ABOUT THIS TASK – Omit the pictures from the entries below and retype everything else exactly.

THE DATA –
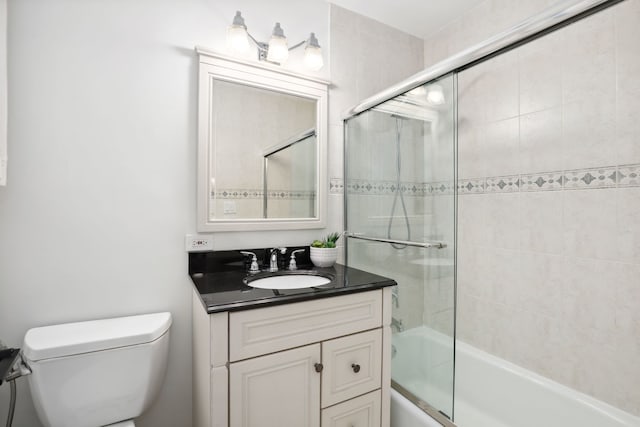 full bathroom with vanity, toilet, and enclosed tub / shower combo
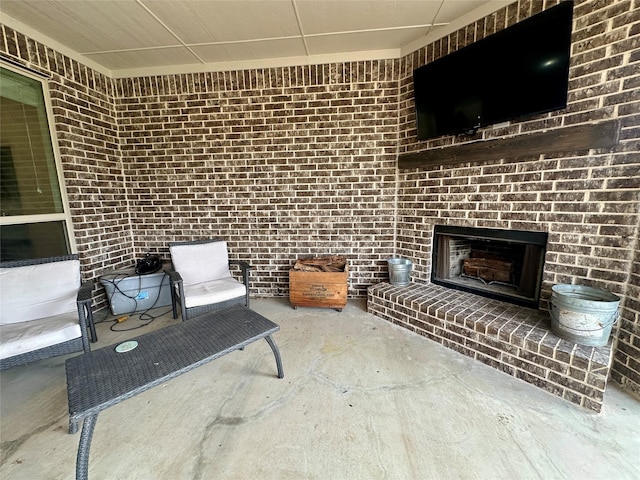 view of patio / terrace with a brick fireplace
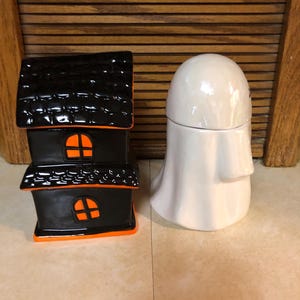May include: A black and orange ceramic house shaped like a haunted house and a white ceramic ghost. Both are Halloween themed decorations.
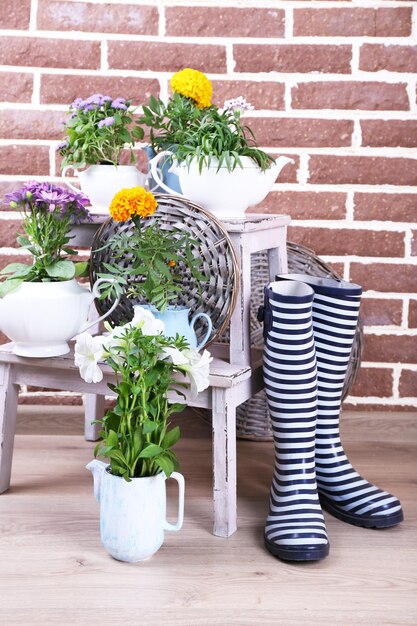 Flowers in decorative pots on wooden ladder on bricks background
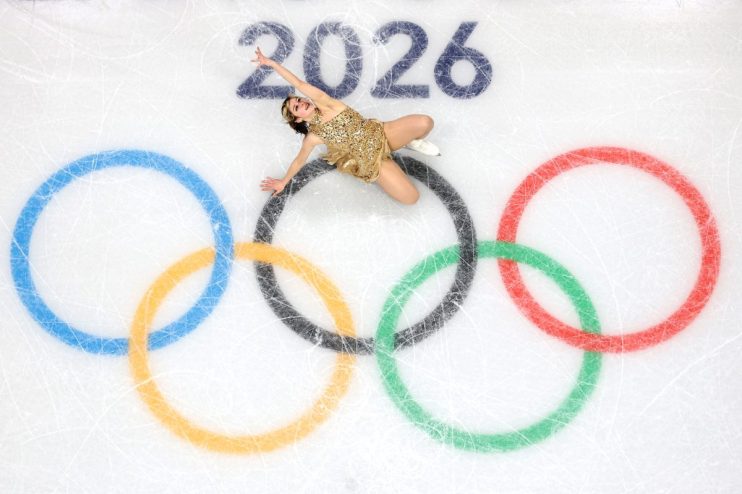 GettyImages 2262533221: Business professionals in a meeting discussing market strategies, diverse team collaboration, corp...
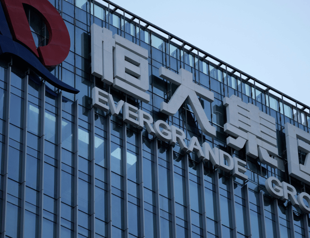 Evergrandes says head of EV arm detained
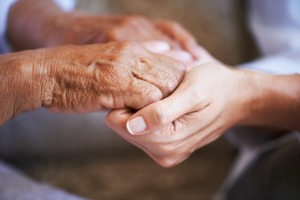 Older hands holding younger hands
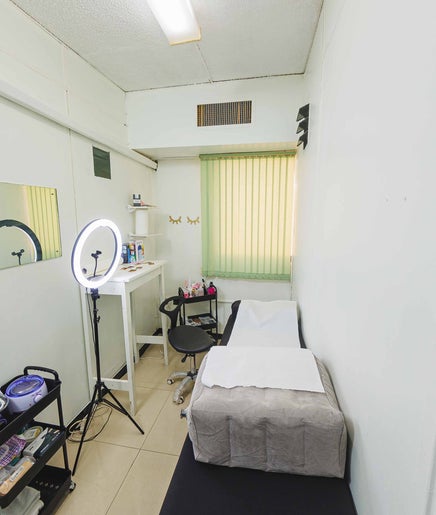 Treatment room at LashAura Beauty Spa in Kingston, St. Andrew Parish, JM with a bed and beauty tools.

RESULT OF THE TASK –
 full bathroom with vanity, toilet, and enclosed tub / shower combo
 view of patio / terrace with a brick fireplace
May include: A black and orange ceramic house shaped like a haunted house and a white ceramic ghost. Both are Halloween themed decorations.
 Flowers in decorative pots on wooden ladder on bricks background
 GettyImages 2262533221: Business professionals in a meeting discussing market strategies, diverse team collaboration, corp...
 Evergrandes says head of EV arm detained
 Older hands holding younger hands
 Treatment room at LashAura Beauty Spa in Kingston, St. Andrew Parish, JM with a bed and beauty tools.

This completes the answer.